Other relevant metrics that may be helpful from the same data set, and that we are not collecting yet, are:

container_processes (gauge)
container_threads (gauge)
container_oom_events_total (counter)

bturquet commented 5 months ago

@MichaelKatsoulis can you add this one to the weekly review to have a better idea of the effort and check if we could add it to an upcoming iteration ? This is something that could be very useful for MIS.

simitt commented 4 months ago

@MichaelKatsoulis @bturquet is there an update on when this task could be scheduled? It'd be a big win for us to have this level of insights.

MichaelKatsoulis commented 4 months ago

Hi @simitt . It is part of our April iteration. Soon someone will be assigned to work on this.

StephanErb commented 4 months ago

Would it be possible to add one more super useful metric, kube_pod_status_reason? It encodes pod termination reasons like Evicted|NodeAffinity|NodeLost|Shutdown|UnexpectedAdmissionError which is otherwise only visible via events.

I know that the metric is marked as experimental but it is available for several years and should be safe to use.

I can also add another ticket if that is preferred.

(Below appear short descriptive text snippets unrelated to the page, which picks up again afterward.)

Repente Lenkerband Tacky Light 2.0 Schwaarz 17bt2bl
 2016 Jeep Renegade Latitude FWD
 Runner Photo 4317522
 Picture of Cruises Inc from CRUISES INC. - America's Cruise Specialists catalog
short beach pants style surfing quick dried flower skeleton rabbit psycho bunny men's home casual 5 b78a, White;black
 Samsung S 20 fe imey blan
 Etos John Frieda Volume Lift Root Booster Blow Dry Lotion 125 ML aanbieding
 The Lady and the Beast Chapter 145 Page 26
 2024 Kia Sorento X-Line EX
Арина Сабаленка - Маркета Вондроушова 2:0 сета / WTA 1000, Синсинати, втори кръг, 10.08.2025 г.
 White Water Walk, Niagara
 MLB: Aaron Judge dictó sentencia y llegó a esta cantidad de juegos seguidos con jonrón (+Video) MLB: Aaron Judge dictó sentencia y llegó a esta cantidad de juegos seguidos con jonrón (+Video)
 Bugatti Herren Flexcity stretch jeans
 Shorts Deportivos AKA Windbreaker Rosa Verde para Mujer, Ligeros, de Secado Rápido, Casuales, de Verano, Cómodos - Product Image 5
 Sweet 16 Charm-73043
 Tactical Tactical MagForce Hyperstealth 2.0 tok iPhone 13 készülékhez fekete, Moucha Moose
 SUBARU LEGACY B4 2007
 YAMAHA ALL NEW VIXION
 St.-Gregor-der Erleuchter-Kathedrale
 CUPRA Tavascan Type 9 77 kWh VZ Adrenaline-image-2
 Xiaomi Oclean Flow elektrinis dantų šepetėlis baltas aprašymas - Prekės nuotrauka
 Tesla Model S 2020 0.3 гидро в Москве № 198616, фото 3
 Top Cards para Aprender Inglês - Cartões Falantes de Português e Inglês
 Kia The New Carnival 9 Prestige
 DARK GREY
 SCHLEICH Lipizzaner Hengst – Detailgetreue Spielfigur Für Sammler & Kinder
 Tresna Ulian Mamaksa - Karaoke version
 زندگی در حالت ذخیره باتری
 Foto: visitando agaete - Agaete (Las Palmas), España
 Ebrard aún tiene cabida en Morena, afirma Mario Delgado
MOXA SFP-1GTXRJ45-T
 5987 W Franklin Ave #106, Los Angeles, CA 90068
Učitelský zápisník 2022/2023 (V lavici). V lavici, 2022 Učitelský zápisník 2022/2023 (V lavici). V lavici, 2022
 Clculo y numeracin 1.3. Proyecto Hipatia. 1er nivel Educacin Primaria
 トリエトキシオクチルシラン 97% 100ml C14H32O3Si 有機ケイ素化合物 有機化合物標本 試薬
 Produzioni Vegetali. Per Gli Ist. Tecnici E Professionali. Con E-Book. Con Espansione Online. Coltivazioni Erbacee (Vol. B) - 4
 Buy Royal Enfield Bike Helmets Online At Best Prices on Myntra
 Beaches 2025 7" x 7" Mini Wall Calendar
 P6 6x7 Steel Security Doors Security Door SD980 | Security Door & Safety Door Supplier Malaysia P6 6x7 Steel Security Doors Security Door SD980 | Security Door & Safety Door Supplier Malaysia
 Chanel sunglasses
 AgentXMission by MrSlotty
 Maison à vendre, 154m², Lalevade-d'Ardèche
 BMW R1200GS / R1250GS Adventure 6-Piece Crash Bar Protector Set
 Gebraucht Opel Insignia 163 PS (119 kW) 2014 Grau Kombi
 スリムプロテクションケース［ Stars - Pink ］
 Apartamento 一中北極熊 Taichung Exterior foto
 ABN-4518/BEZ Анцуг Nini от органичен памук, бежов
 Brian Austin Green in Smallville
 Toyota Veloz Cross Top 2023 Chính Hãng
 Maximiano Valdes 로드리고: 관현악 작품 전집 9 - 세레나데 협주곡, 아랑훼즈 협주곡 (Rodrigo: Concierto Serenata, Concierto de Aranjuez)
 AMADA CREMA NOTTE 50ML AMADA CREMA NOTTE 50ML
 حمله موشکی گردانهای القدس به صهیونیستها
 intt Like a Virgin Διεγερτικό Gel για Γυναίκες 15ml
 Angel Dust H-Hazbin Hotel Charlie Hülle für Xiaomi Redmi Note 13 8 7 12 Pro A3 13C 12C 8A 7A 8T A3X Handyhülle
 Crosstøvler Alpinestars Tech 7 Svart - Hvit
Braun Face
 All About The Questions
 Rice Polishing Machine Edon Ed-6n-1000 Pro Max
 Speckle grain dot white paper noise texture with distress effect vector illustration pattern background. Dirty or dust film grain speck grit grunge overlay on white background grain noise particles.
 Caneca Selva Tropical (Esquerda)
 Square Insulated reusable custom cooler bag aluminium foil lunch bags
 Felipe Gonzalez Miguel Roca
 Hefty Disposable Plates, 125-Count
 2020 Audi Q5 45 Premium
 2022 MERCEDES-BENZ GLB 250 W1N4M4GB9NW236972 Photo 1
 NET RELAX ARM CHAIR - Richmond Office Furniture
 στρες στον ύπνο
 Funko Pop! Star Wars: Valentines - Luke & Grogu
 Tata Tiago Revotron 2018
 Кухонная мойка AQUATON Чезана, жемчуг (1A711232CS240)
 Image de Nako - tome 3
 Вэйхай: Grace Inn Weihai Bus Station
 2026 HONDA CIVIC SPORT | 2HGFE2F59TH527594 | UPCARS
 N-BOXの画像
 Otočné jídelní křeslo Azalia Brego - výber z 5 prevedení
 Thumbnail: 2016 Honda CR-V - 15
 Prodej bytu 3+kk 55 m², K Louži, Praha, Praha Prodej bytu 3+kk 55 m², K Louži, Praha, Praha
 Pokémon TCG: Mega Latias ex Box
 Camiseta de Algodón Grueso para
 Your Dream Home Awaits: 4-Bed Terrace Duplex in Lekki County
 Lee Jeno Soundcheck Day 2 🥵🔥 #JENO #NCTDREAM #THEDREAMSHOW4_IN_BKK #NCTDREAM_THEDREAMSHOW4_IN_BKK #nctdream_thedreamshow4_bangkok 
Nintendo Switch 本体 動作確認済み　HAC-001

inge4pres commented 4 months ago

@StephanErb great suggestion 👍🏼 I believe a dedicated card would be best, thanks 🙏🏼

inge4pres commented 3 months ago

@MichaelKatsoulis I see this has been postponed, is there a blocker or it's a matter of prioritization?

bturquet commented 3 months ago

Hi @inge4pres, @MichaelKatsoulis is on bank holidays and will give more details about priotization when he'll come back. AFAIK there is no blocker but we collated other similar needs in this issue:

https://github.com/elastic/integrations/issues/9753

And we want to address all these needs at once.

MichaelKatsoulis commented 3 months ago

@inge4pres This in the backlog for 8.15. We will start working on it soon!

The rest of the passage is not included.